Visit almost any electronic hardware testing laboratory and chances are you will encounter several large thermal chambers noisily humming along. They work much like your air conditioning at home—a large compressor and furnace in the bottom and several fans that swirl the heated or cooled air around in the chamber area on top, where units to be tested are placed.
The purpose of the fans is to swirl the air around inside the chamber to ensure a uniform temperature gradient. These work great for testing hardware that’s actively cooled (i.e., have fans or blowers that move air through a heat exchanger), but they don’t work well for passively cooled items (no fan, just large-finned heat sinks that rely on natural convection to move heat away from the hardware).

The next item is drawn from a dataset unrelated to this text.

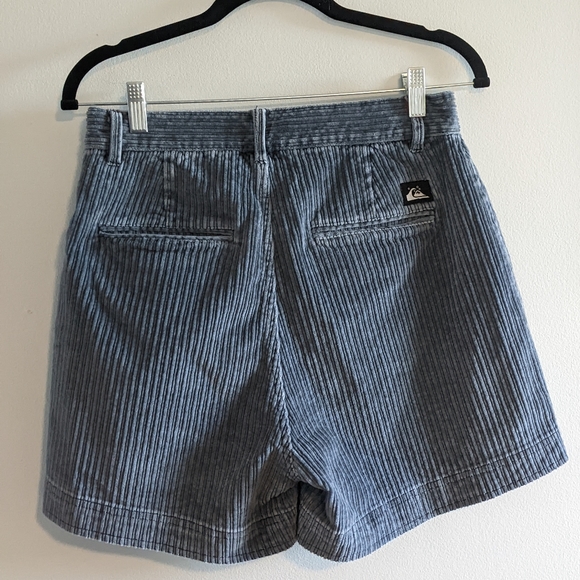 Quicksilver High Rise Corduroy Shorts - Picture 4 of 8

Why don’t they work well for passively cooled hardware? The answer lies in all of that swirling air from those fans. For actively cooled hardware, the effect of the swirling air on thermal transfer is negligible compared to the internal fan/blower ramming air through a heat exchanger. For passively cooled hardware, the effect is too large to ignore. And worse, the data that you get is not conservative, meaning you could have the hardware pass the test in your thermal chamber but fail in the real world. Not a good situation!
Fortunately, there is a good solution: natural convection chambers. These chambers heat the testing chamber via infrared heaters and are designed to vent so that there’s no moving air. When the unit under test passes 70°C (as an example) in one of these chambers, you can feel confident that it will perform as intended, even in an installation closet of dead still air.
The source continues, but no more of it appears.